I'm gonna go ahead and try to talk about this all in $\mathbb R^2$. Let's look at a point $P = (3, 5)$, just to be concrete. A typical tangent vector at $P$ is something like $$
v = \pmatrix{2\\1},
$$
which we tend to think of as an arrow pointing about ENE, with the arrow starting at $P$. Some authors instead say that a tangent vector at $P$ is a pair like $(P, v)$, with the rule that the "$P$" is "just along for the ride", so that addition is defined by a rule like
$$
(P, v) + (P, w) = (P, v+w)
$$
where that last addition is just ordinary addition of vectors in $\mathbb R^2$.
Presumably you can see that this set of pairs is in a 1-1 correspondence with $\mathbb R^2$, with $u \leftrightarrow (P, u)$. So it doesn't really matter which representation you choose.
As a practical matter, one use of a vector like $v$ (or $(P, v)$) is to describe 'directional derivatives': if we have a function
$$
f: \mathbb R^2 \to \mathbb R
$$
that's smooth, we can ask "at the point $P$, what's the directional derivative of $f$ in the direction $v$?" This gives us a function -- let's call it $Q$ just to have a name, define by
$$
Q(f) = \text{directional derivative of $f$ at $P$ in direction $v$}
$$
which is defined on the set of differentiable functions. The function $Q$ has some nice properties: $Q(cf) = c Q(f)$ (where $c$ is a constant), and $Q(f + g) = Q(f) + Q(g)$, so $Q$ is actually linear. Both of these can be proved with fairly basic calculus. Slightly more surprising is that
$$
Q(fg) = f(P) Q(g) + g(P) Q(f)
$$
which is proved with the product rule for derivatives.
Whenever we have a function with these properties, we call it a 'derivation.'
Here's the first small surprise: not only can we take any vector at $P$ (not just $v$) and define such a derivation, but every derivation at $P$ actually turns out to be a derivation that comes from some vector.[This actually takes a bit of proof!]
So "tangent vectors at $P$" and "derivations at $P$" are in 1-1 correspondence.
What's nice about that is that when we talk about more general shapes, there might not be an obvious way to write down a tangent vector, but we can still think about derivations -- functions that have certain properties. And then we can say that the tangent space at $P$ is just the set of all "derivations at P".
Now what about curves? Every differentiable curve $\gamma$ with $\gamma(0) = P$ has a derivative $\gamma'(0)$ which is a "vector at $P$". But multiple curves can have the SAME derivative at $0$. For instance
$$
\alpha(t) = (t, 0)
$$
and
$$
\beta(t) = (t, t^2)
$$
both have $(1, 0)$ as their derivative at $t = 0$. So we make a rule that we're going to treat any two such curves as "equivalent". That divides the set of curves through the origin (or those through $P$) into a bunch of piles: the ones whose derivative is $(1, 0)$; the ones whose derivative is $(-3, \pi)$; the ones whose derivative is $(-11, -11)$, and so on.
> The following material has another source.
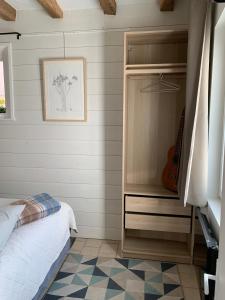 a bedroom with a bed and a closet with a guitar at Le Petit Musée in Loches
We call these piles "equivalence classes", and it now becomes clear that such equivalence classes are in 1-1 correspondence with vectors. So we can forget vectors and talk about equivalence classes of curves instead. Again, not terribly helpful in the plane, but really nice when you want to talk about some infinite-dimensional manifold that isn't yet 'embedded' in a nice space like Euclidean space.
Summary: there are many different sets whose elements are in 1-1correspondence with tangent vectors at $P$. Which one you decide to call "tangent vectors" depends on your approach, and after a differential geometry/topology course or two, you find yourself switching among them pretty liberally.